IMPAIRMENT OF LIVER FUNCTIONS causes abnormal carbohydrate metabolism both in patients with obstructive jaundice and in various experimental animals with bile duct ligation (18). Resultant hyperglycemia is one of the crucial factors in deciding prognosis of patients with liver diseases (15). The relevant mechanisms are not fully understood, although previous reports suggested a few possibilities to explain associated glucose intolerance.

Plasma insulin concentrations have been reported to be decreased in bile duct-ligated (BDL) dogs (13, 17, 25).
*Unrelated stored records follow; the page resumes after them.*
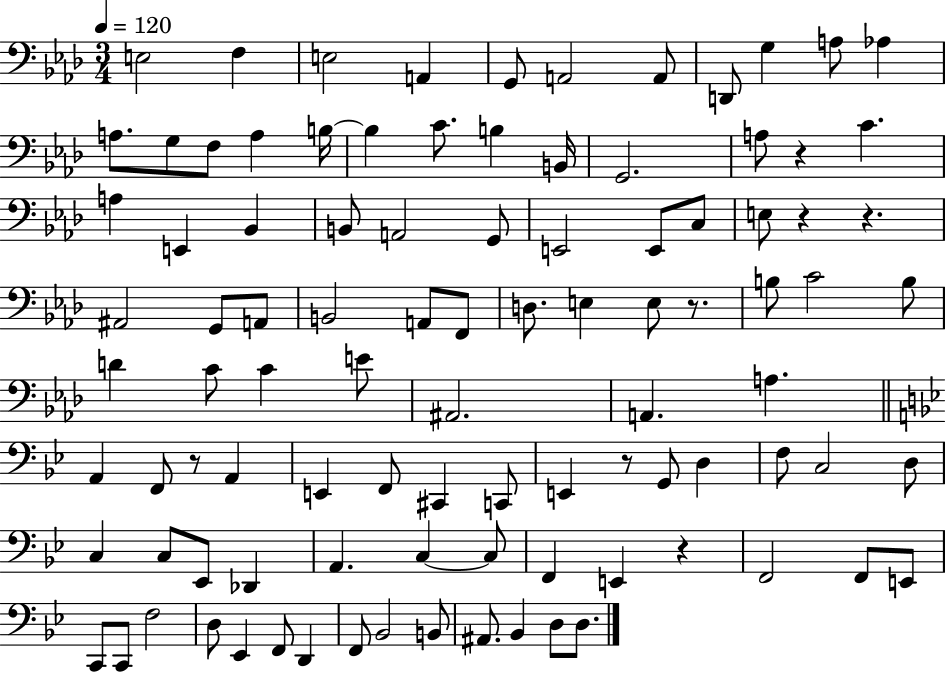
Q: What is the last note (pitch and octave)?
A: D3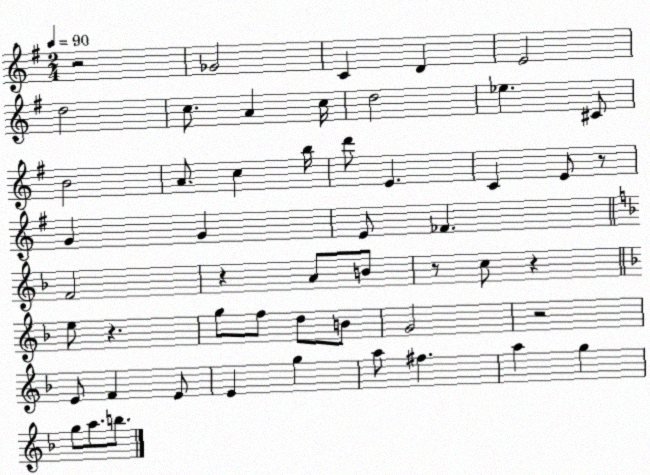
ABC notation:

X:1
T:Untitled
M:2/4
L:1/4
K:G
z2 _G2 C D E2 d2 c/2 A c/4 d2 _e ^C/2 B2 A/2 c b/4 d'/2 E C E/2 z/2 G G E/2 _F F2 z A/2 B/2 z/2 c/2 z e/2 z g/2 f/2 d/2 B/2 G2 z2 E/2 F E/2 E g a/2 ^f a g g/2 a/2 b/2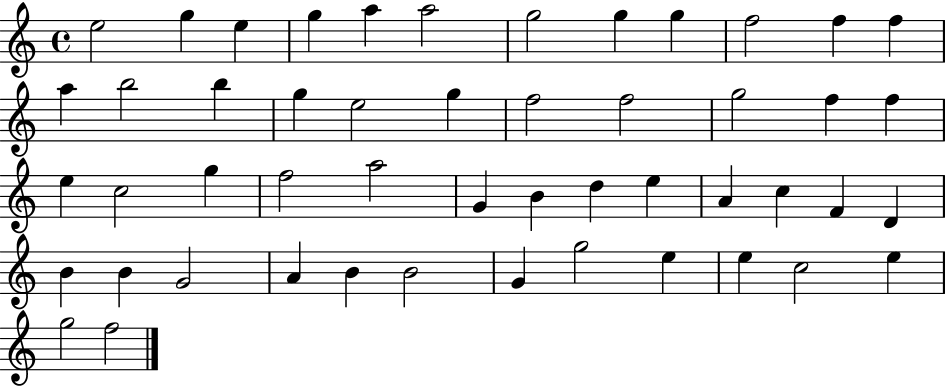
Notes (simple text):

E5/h G5/q E5/q G5/q A5/q A5/h G5/h G5/q G5/q F5/h F5/q F5/q A5/q B5/h B5/q G5/q E5/h G5/q F5/h F5/h G5/h F5/q F5/q E5/q C5/h G5/q F5/h A5/h G4/q B4/q D5/q E5/q A4/q C5/q F4/q D4/q B4/q B4/q G4/h A4/q B4/q B4/h G4/q G5/h E5/q E5/q C5/h E5/q G5/h F5/h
Some morphological changes of pancreatic islet cells in BDL dogs have been demonstrated (17), and secretory response of the pancreatic beta -cell to cholecystokinin showed deterioration in perfused pancreas in situ in BDL dogs (13). Extrapancreatic effects of cholestasis have also been shown: 1) specific binding activities of insulin and glucagon to hepatic membranes were decreased in BDL rats (10); 2) obstructive jaundice decreased glucagon-induced synthesis of cAMP, a second messenger responsible for multiple actions of glucagon, including cell proliferation, bile acid uptake, and gluconeogenesis, in hepatocytes from BDL hamsters (14).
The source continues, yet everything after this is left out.